Dorénavant, la personne expulsée sera obligée de se présenter endéans quatorze jours auprès d’un service prenant en charge les auteurs de violence domestique – alors que tous les experts s’accordent pour dire qu’une prise en charge psychologique ne sert à rien si l’auteur de violences n’en a pas fait la démarche volontairement.
Autre problème : la possibilité pour la personne expulsée de se faire représenter en justice par un avocat ou par un collaborateur d’un service prenant en charge les auteurs de violence domestique. En effet, ce service se trouvera chargé de plusieurs missions dont les buts peuvent être diamétralement opposés.
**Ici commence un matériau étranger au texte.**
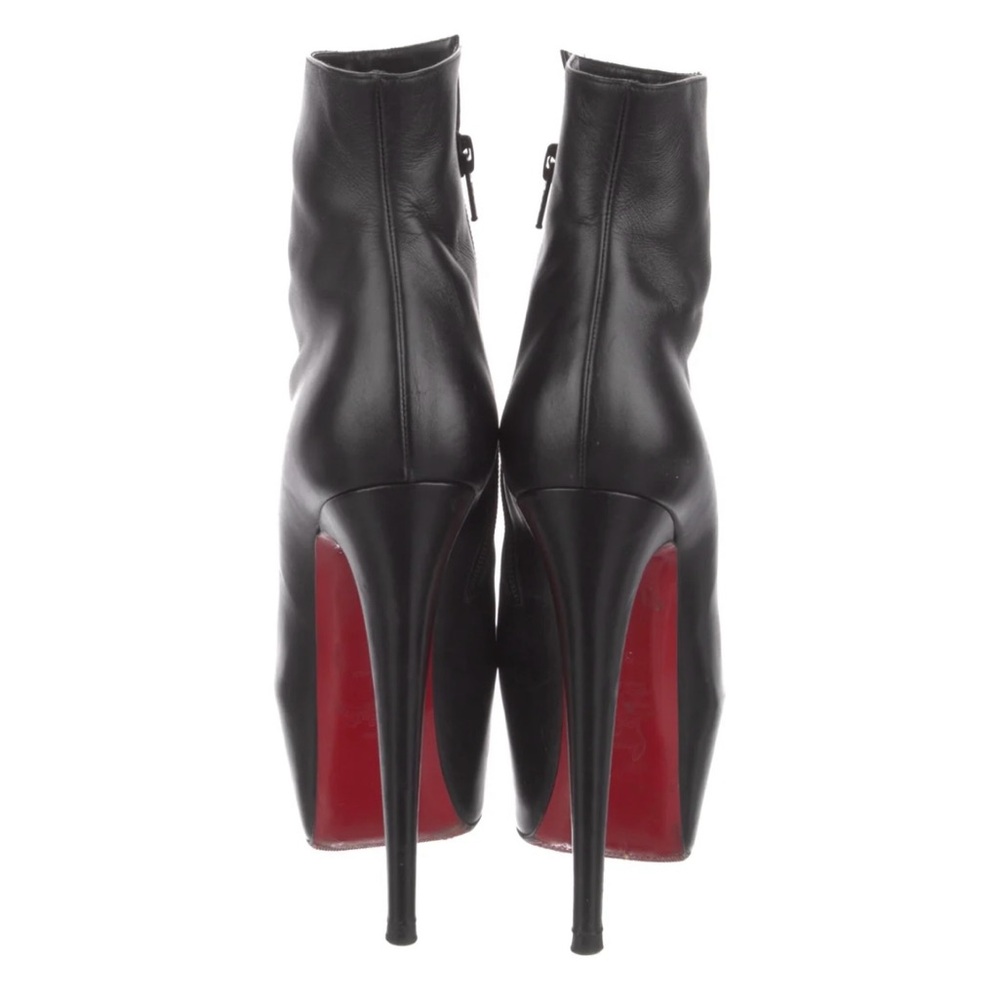Christian Louboutin Black Stiletto Heeled Boots - Picture 3 of 4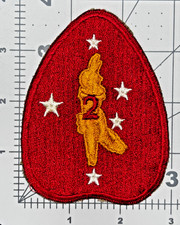 WW 2 USMC 2nd Marine Division Patch Inv# K8482 picture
Ainsi, les milieux concernés redoutent que la réforme de la loi sur la violence domestique sera loin d’amener les progrès espérés. La loi de 2003 sur la violence domestique représentait à l’époque une avancée formidable. Les évaluations de l’application, dont la première date de 2006, ainsi que les rapports des organisations œuvrant dans le domaine de la violence ont mis en exergue les points faibles et dispositions à revoir. Le projet de réforme à son stade actuel ne correspond pas aux recommandations et attentes des milieux concernés. Il n’est pas trop tard pour mieux faire.
Le 25 novembre est l’occasion d’une alerte nécessaire de l’opinion publique sur l’importance du sujet et de son impact dramatique sur la vie des femmes et celle de leurs enfants ainsi que celle des enfants de leurs enfants etc.
C’eût été l’occasion de proposer de calculer le coût en termes financiers pour notre société afin de susciter la prise de conscience nécessaire que la violence n’est pas uniquement une violation des droits de l’Homme mais aussi un problème d’ordre économique très coûteux. Il y a lieu aussi d’appeler à la ratification de la convention contre toutes sortes de violence faites aux femmes, y compris la violence domestique.
La journée du 25 novembre, journée internationale pour l’élimination de la violence à l’égard des femmes, aurait dû être l’occasion de lancer des actions et initiatives pour la défense des droits des femmes – avec la volonté et l’engagement requis, peut-être même cette journée parviendra-t-elle à trouver l’écoute et l’attention qui manquent cruellement à la journée internationale de la femme commémorée en date du 8 mars.